L’équation or = excrément, antienne sibylline de la psychanalyse

Les dragons à la rescousse

12/10/20238 min read

L’équation or = excrément, antienne sibylline de la psychanalyse

Lors de l’épreuve de culture générale d’un oral blanc de préparation au concours d’entrée à l’ENM, un candidat tombe sur le vaste thème des dragons. Sans se laisser démonter pour autant, il use de son quart d’heure pour plancher sur le sujet dans un recoin de la salle d’examen. Je me suis alors dit qu’il est hardi de s’épancher sur un tel objet mythologique tant la rigueur académique pardonne rarement les hasardements dans le giron mystico-légendaire.

Me laissant aller aux vaticinations à mon tour, je me remémore l‘histoire du raid viking, en 793, sur le monastère isolé de Lindisfarne, proche de la frontière anglo-écossaise.

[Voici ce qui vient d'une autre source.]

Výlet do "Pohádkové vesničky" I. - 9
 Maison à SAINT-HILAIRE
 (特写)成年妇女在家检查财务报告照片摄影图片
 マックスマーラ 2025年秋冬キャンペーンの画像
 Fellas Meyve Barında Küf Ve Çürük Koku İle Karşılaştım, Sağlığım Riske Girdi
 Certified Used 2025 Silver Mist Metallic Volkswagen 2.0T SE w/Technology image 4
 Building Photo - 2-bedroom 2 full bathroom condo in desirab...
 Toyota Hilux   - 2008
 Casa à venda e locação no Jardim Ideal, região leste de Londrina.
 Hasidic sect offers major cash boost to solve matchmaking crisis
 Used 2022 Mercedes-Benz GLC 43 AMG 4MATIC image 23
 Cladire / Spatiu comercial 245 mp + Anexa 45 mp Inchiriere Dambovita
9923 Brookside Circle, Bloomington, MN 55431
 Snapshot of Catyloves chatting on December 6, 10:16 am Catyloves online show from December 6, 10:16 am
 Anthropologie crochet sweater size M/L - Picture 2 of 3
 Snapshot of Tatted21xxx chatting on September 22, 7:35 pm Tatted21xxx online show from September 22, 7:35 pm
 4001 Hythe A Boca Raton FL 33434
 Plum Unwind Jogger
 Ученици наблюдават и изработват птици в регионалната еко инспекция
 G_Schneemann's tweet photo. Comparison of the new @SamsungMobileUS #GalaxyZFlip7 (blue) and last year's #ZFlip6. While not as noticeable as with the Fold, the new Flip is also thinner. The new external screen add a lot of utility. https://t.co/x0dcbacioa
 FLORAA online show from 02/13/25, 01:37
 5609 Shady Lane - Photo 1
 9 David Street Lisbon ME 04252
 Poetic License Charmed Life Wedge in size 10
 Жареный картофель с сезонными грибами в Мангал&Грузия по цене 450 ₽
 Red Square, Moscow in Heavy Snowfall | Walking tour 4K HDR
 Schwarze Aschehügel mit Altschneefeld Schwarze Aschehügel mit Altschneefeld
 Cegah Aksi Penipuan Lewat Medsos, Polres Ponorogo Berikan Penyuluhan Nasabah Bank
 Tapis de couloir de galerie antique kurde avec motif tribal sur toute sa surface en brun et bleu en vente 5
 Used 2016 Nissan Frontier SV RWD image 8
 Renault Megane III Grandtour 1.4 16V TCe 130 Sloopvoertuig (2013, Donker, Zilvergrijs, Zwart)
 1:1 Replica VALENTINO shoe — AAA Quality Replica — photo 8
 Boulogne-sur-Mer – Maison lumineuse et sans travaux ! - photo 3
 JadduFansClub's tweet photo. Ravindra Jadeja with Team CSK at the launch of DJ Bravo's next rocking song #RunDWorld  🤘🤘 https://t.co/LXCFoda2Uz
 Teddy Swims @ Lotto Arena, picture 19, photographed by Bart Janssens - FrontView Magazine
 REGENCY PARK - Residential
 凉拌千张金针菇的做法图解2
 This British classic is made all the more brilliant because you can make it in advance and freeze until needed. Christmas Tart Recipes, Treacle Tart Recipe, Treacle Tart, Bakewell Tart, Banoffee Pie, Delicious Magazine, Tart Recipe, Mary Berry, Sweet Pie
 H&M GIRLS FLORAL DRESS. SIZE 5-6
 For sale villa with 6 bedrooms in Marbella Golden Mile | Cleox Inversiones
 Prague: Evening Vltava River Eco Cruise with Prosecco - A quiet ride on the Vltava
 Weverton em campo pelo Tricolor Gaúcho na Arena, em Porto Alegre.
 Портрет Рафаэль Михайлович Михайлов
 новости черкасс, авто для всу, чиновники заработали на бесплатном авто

D’ailleurs, le nom de drakkar, sous lequel sont connus les navires vikings en français, est un terme récent emprunté au suédois moderne drake, signifiant dragons. A l’époque viking, seule la forme dreki existait pour désigner le bestiaire sculpté à la proue et à la poupe des navires pour impressionner les ennemis, car ils incarnaient la puissance, l’agressivité et la cupidité de leurs guerriers. Ainsi est né, au travers du récit des survivants, la légende que le dragon est l’ennemi de la chrétienté.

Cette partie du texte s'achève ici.